I got a couple outboard questions. Would I be able to convert a 1977 85 hp merc to power tilt/trim? And if I dont convert it is there a way that I can pull the motor up(manual tilt/trim) to beach the boat without getting out of the boat? There's someone to help me do the manual tilt/trim if I can do it without getting out of the boat. Evan


----------



## kam (May 30, 2007)

Cabelas has a power trim and tilt kit that can be fitted on the boat, but it's expensive. You can probably pick up a used outboard with trim and tilt for the same money.

http://cabelas.com/cabelas/en/templ...276&parentType=category&cmCat=MainCatcat21276


----------



## chainsawjunky (May 30, 2007)

Yeah I've seen those. Hopin to find somethin for cheaper than that, if I can't find anything cheaper maybe I'll get that. Although I am thinkin of gettin a new(well used) outboard in the 115-150 hp range. Not sure if I'll get another outboard or not though. Thanks. Evan


----------



## Nikko (Jun 27, 2007)

chainsawjunky said:


> I got a couple outboard questions. Would I be able to convert a 1977 85 hp merc to power tilt/trim? And if I dont convert it is there a way that I can pull the motor up(manual tilt/trim) to beach the boat without getting out of the boat?

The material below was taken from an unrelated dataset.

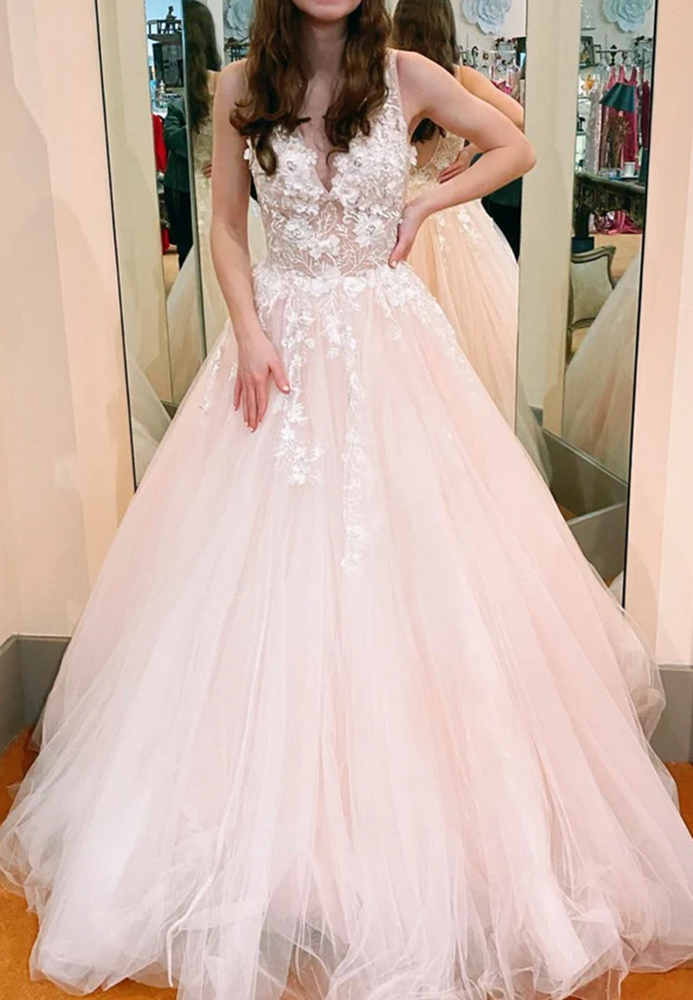 Women A-Line Prom Dresses Long Lace Appliques Evening Party Dress YPD059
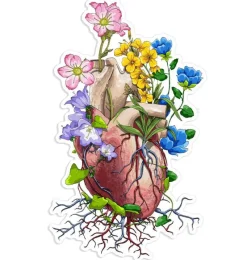 Codex Anatomicus Stickers^Heart anatomy sticker III - Floral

There's someone to help me do the manual tilt/trim if I can do it without getting out of the boat. Evan



It can be done using parts form another similar motor (or with an aftermarket system as has been mentioned), but with the motor being that old, parts are hard to come by. And it's not a small job.

If you've not been there, check out the forums at iboats.com - lot's of good info and I know your question has been discussed as I was looking into it for my 1980 Merc. 50.

Nikko


----------



## gumneck (Jun 27, 2007)

I've got a 76' 115 hp Merc with power tilt/trim. There's really not much to it. I would think you could find the parts and have em shipped to ya pretty cheap. 

My motor needs to be started and run this year. Good luck on it and if I see something pop up locally or wherever, I'll keep you in mind. 

Tom


----------



## NYCHA FORESTER (Jun 28, 2007)

I bet if you do a Google search you will probably find a few good suppliers. As for Cabelas........ most of their stuff is over priced.... I guess thats what happens when you get to be a behemoth in the industry.


----------



## chainsawjunky (Jun 28, 2007)

Actually Cabelas is priced low on those aftermarket CMC tilt units. Even ebay stores are higher than Cabelas. Other Cabelas stuff is generally expensive but I was surprised when I look elsewhere for the CMC units and found them to be more expensive. And thanks for the other advice, I'm thinking of getting a bigger motor since 85 hp is kind of underpowered for my boat. So I'll either look into a new motor, getting parts from a similar motor, or the CMC tilt units.

Evan


----------